Jarvis Island, previously known as Bunker’s Shoal or Bunker Island, is a 1.75 square mile coral reef situated in the South Pacific Ocean. It is one of the Equatorial Islands that is classified as one of the U.S. Minor Outlying Islands for statistical purposes. Jarvis Island is situated halfway between the Cook and Hawaii Islands. Jarvis Island is one of the unorganized, unincorporated American territories that are administered by the U.S. Interior Department. Unlike most of the coral atolls claimed by the United States, the lagoon on this island is completely dry.
Geography of Jarvis Island
Even though there are some offshore anchorage places marked on the maps, the island has no harbors or ports, and the swift currents are peril. There is a boat-landing region on the southwestern corner of the island and another situated at the center of the western coastline close to the day beacon. The island has a dried lagoon which had deep guano deposits that were mined during the 19th century. Jarvis Island experiences a tropical desert climate with constant wind and daytime temperatures, but the nights are cold.
The highest peak on the island is about 23 feet tall, and it is the thirty-sixth most isolated mountain on earth because of its distance from bigger landmasses. The island has scant rainfall. The sparse low-growing shrubs, prostrate vines, and bunch grass are mainly a foraging, roosting, and nesting habitat for marine wildlife, shorebirds, and seabirds.
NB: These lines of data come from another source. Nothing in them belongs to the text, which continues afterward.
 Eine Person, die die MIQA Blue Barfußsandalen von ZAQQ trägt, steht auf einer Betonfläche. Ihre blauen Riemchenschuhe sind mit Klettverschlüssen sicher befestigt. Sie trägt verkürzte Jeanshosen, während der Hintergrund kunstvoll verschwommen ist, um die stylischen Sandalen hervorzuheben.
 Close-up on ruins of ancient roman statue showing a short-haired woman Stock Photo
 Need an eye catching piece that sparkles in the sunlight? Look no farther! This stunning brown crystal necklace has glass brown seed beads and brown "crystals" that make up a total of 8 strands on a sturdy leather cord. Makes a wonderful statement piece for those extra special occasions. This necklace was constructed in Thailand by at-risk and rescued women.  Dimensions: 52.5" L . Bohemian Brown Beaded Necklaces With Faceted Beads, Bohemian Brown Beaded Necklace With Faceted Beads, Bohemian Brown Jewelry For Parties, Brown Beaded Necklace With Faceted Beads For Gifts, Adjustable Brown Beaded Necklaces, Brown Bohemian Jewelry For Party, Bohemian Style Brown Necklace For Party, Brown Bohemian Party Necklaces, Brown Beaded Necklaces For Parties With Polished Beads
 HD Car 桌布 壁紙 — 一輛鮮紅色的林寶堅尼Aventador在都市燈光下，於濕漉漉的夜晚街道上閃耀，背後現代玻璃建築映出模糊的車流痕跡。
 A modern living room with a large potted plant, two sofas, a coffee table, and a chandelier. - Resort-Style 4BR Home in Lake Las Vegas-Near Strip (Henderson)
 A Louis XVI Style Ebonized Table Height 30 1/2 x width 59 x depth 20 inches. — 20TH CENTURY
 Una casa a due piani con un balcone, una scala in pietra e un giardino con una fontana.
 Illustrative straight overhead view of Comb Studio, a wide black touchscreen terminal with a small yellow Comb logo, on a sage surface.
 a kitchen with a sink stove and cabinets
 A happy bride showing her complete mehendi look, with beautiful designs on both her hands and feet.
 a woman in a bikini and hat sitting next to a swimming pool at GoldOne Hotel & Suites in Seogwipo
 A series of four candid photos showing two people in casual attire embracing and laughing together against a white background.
Jarvis Island was first seen by Europeans on a British ship known as Eliza Francis on August 21, 1821. The vessel was owned by William, Thomas, and Edward Jarvis. The United States claimed the island on March 1857 and officially annexed it on February 27, 1858. The Americans mined guano on the island for twenty years before abandoning it in 1879. The United Kingdom annexed Jarvis on June 3, 1889, but did not carry any further exploitation, but mining of the guano deposits continued until the late stages of the 1800s. The United States reclaimed Jarvis as an unorganized, unincorporated territory in 1935. The U.S. Interior Department administered the island from May 13, 1936, to June 27, 1974. The United States Fish and Wildlife Service have administered over the island since June 27, 1974, as Jarvis-Island National Wildlife Refuge.
Flora and Fauna
Jarvis Island supports over 14 species of breeding seabirds. Jarvis is home to one of the biggest sooty tern colony in the world. Lepidodactylus ligubris, commonly known as mourning gecko, was discovered in a cat’s stomach in 1986 on the island. There are over 252 fish species on the island and many strawberry hermit crabs. The island has over nine algae species including 2 brown algae species and 4 green algae species.
The island is vegetated by shrubs, herbaceous plants, and grasses that can survive a long period of drought. The depauperate flora in the island is made up of 6 native species including Portulaca lutea, Boerhavia tetrandra, Lepturus repens, Sesuvium portulacastrum, Tribulus cistoides, and Eragrostis whitneyi. Other plants found on the island include Sida fallax and Abutifolium indicum.